Pierwszą wiosenną wygraną odnieśli piłkarze Lotnika Jeżów Sudecki. Zespół trenera Jerzego Szalińskiego pokonał dzisiaj na własnym stadionie Włókniarza Mirsk 4-3 (2-2).
Gospodarze po 11 minutach prowadzili już 2:0 po bramkach Suchaneckiego i Górgula. Wydawało się, że ekipa trenera Jarosława Wichowskiego już się nie podniesie. - Zamiast kontrolować sytuację straciliśmy trzy kolejne bramki i zrobiło się nerwowo - nie krył Tadeusz Chwałek, prezes Lotnika. Włókniarz wyrównał jeszcze przed przerwą po golach Wichowskiego i P. Niemienionka. Następnie po zmianie stron grając w osłabieniu (w 63. min w ferworze powietrznej walki Jóźwik trafił łokciem Suchaneckiego i ujrzał czerwoną kartkę) zdołał odwrócić wynik. Do siatki trafił B. Morzecki a drugą asystę zaliczył obchodzący w dniu meczu 33. urodziny Wichowski. Nie pierwszy raz w sezonie mirszczanie wypuścili szansę z rąk. Po chwili wyrównał bowiem Górgul a wynik ustalił Kocot. - Stwarzaliśmy okazje i powinniśmy spokojnie kontrolować mecz. Nie potrafiliśmy jednak ustrzec się błędów przy stałych fragmentach wykonywanych przez rywali - żałował trener Włókniarza.

LOTNIK JEŻÓW SUDECKI - WŁÓKNIARZ MIRSK 4:3 (2:2)

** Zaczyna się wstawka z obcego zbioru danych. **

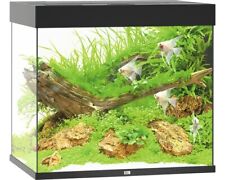 Aquarium JUWEL Lido 200 mit LED-Beleuchtung, Pumpe, Filter, Heizer ohne Untersch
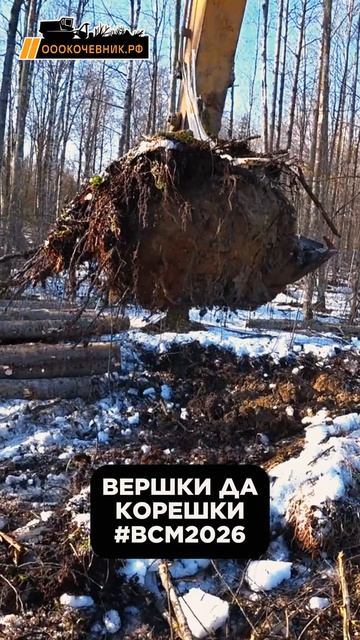 Корчёвка пней гусеничным экскаватором. Вид от первого лица💪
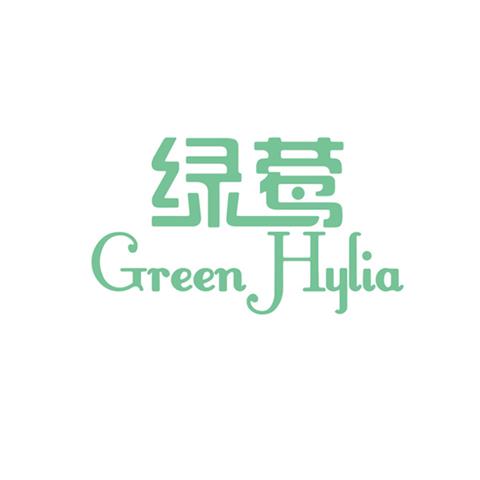 16类文具商标 绿莺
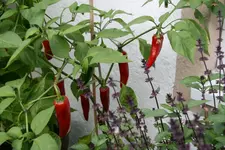 Chilie0918.webp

Bramki: 1:0 Suchanecki (6), 2:0 Górgul (11), 2:1 Wichowski (20), 2:2 P Niemienionek (30), 2:3 B Morzecki (70), 3:3 Górgul (71), 4:3 Kocot (82).
Czerwona kartka: Jóźwik (Włókniarz, 63 - uderzenie rywala).
Żółte kartki: Kocot, Kierlik, Górgul, Góral, Białkowski oraz Dasiak.
Sędziował: Krzysztof Dłużniak (Wałbrzych).
Widzów: 150.

LOTNIK: Maćkowski - Białkowski, Kierlik, Niemirski (46 Rudnicki), Suchanecki, Wyka (77 Piwoński), Górgul (90+2 Gawlik), Kocot, Pieńkowski, Bojanowski (57 Kurzelewski), Góral.
WŁÓKNIARZ: Swarzyński - Dasiak, Jóźwik, Kowalski, Ł. Niemienionek P. Niemienionek, Grygiel (75 Górny), J. Jasiński, Becker, Wichowski, B. Morzecki.